- What is needed -
Exact copy, pictures excluded: set down only the lines from the one with "Küchenschrank Kalmar Braun" through the end of the entries, keeping both end lines.

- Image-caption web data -
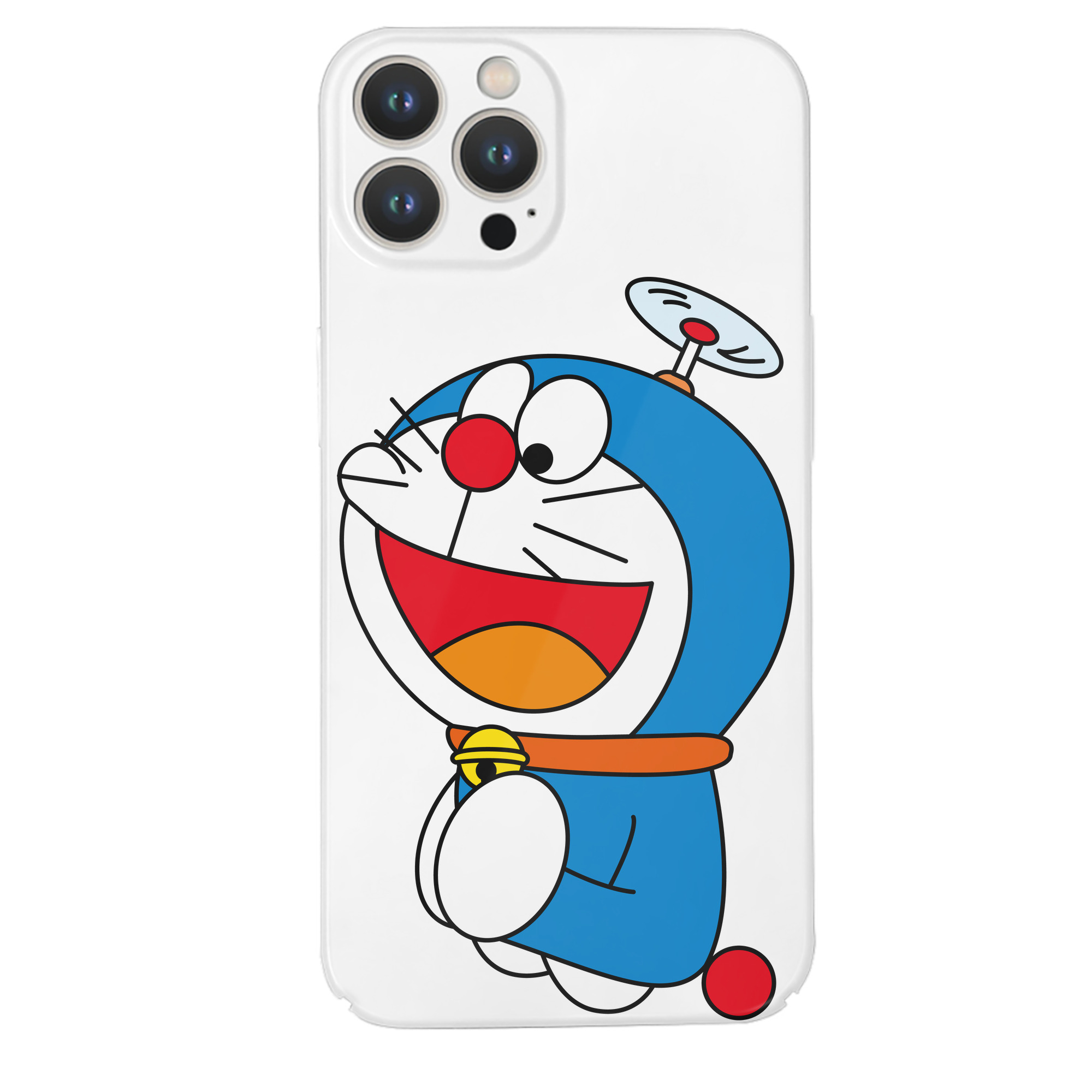 （画像用） ドラえもん Doraemon 【iPhone 14シリーズ対応】ハードケース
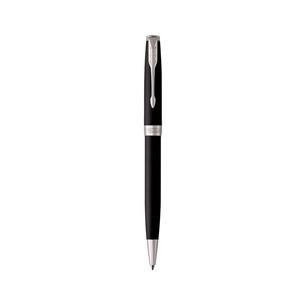 Ручка кулькова Parker SONNET 17 Matte Black Lacquer CT BP (84 932) зображення 1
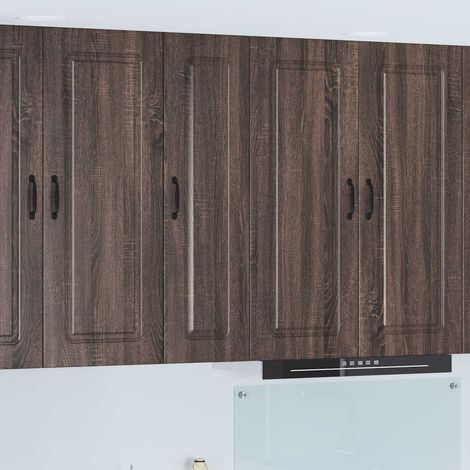 Küchenschrank Kalmar Braun Eichen-Optik 30 x 31 x 100 cm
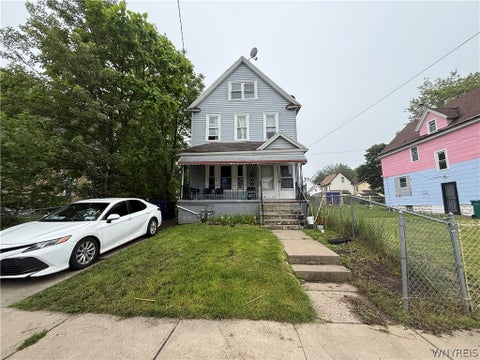 Multifamily For Sale - 495 Winslow Avenue<br/> Buffalo, NY 14211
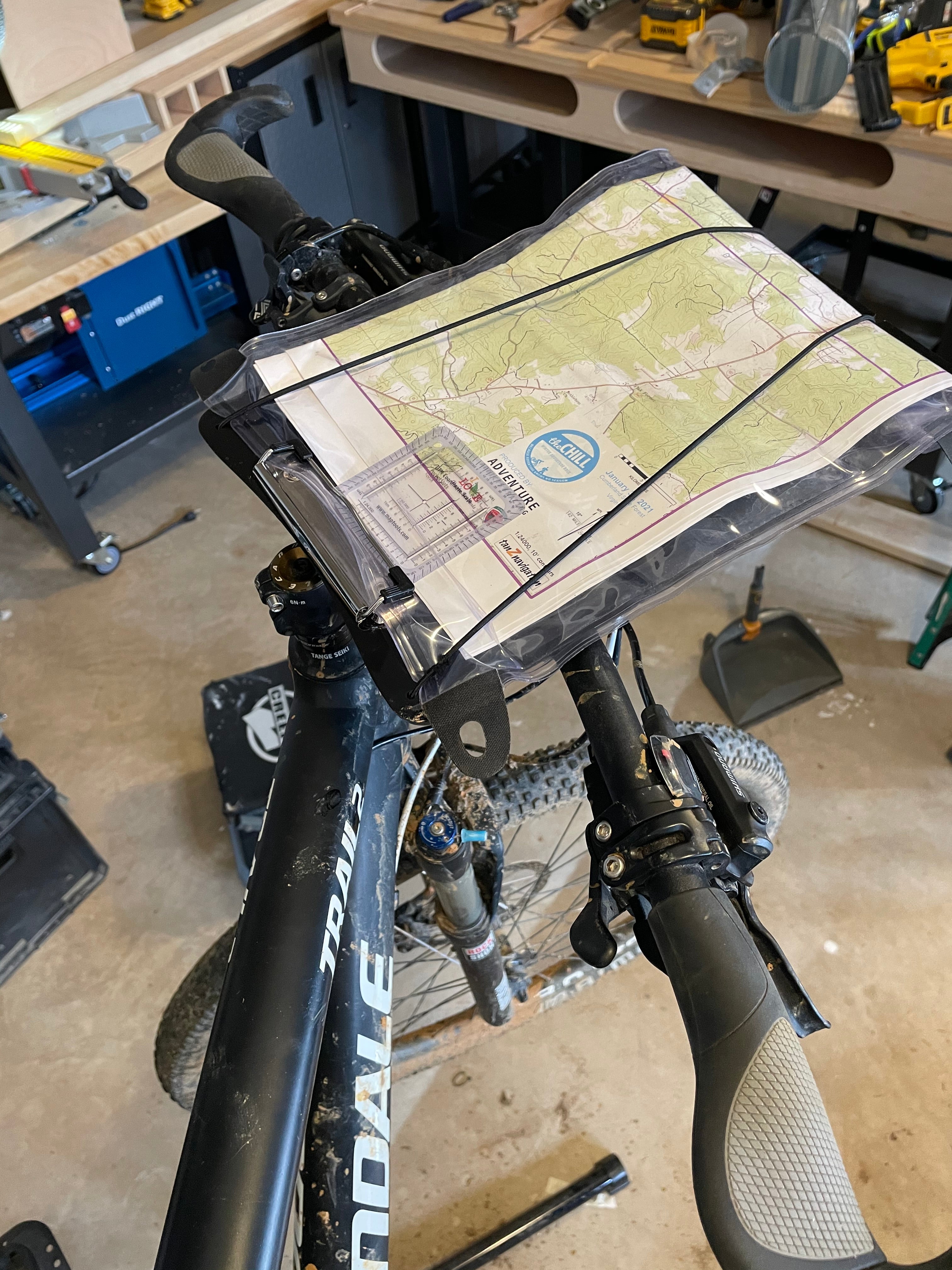 Map Board Example Magnetic Metal Board Upgrade Overlay | XR-Gear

- Solution for this problem -
 Küchenschrank Kalmar Braun Eichen-Optik 30 x 31 x 100 cm
 Multifamily For Sale - 495 Winslow Avenue<br/> Buffalo, NY 14211
 Map Board Example Magnetic Metal Board Upgrade Overlay | XR-Gear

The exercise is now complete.